The case was initially launched in 2012 by Steven Simons, who was imprisoned from 1998 to 2010. Court documents show Simons became infected with the hepatitis C virus and was potentially exposed to HIV, the virus that can lead to AIDS, while behind bars. He says another prisoner used his injection materials, and that they had no access to sterile equipment.
The problem, the applicants say, is that prison authorities regard syringes as contraband, making inmates found with them subject to punishment. The tough approach comes despite mounting evidence that in-prison access to sterile needles helps prevent the spread of serious illnesses.
“The sharing of drug-injection equipment poses a high risk for transmitting blood-borne infections,” the applicants state.
“The prevalence of HIV and (hepatitis C) among Canadian prisoners, including those in federal penitentiaries, is significantly higher than among the population as a whole.”
Activists note that more than 90 per cent of prisoners are eventually released. Like Simons, some will have become infected with serious illnesses from sharing needles and syringes behind bars.
“Correctional authorities’ refusal to ensure access to sterile injection equipment inside prisons not only jeopardizes the health and lives of prisoners, it also contributes to a public health problem beyond prisons.”
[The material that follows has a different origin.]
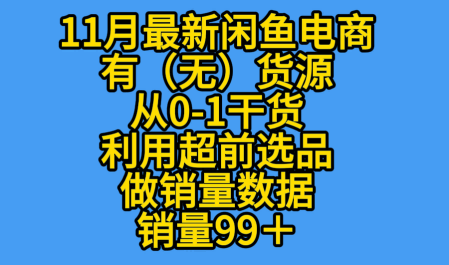 K总部落《11月最新闲鱼有无货源从0-1干货版打造销量店铺数据》-夜晚笔记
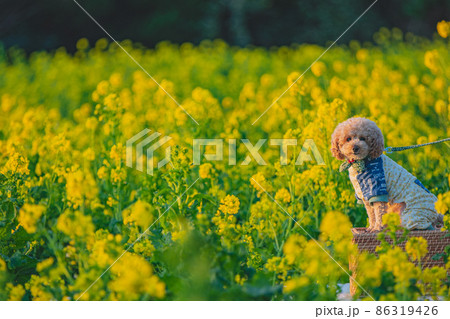 犬と菜の花畑 86319426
Statistics suggest Indigenous and female inmates are most at risk, making Ottawa’s approach discriminatory, the applicants say.
In recognition of the problem, the federal government recently began a pilot needle-exchange program in which inmates are given access to sterile equipment. However, The pilot has only been implemented in half a dozen of Canada’s 43 federal prisons, according to court filings.
One intervener in the case, the B.C. Civil Liberties Association, says the response is not enough given that widespread drug use is an acknowledged fact of prison life in Canada.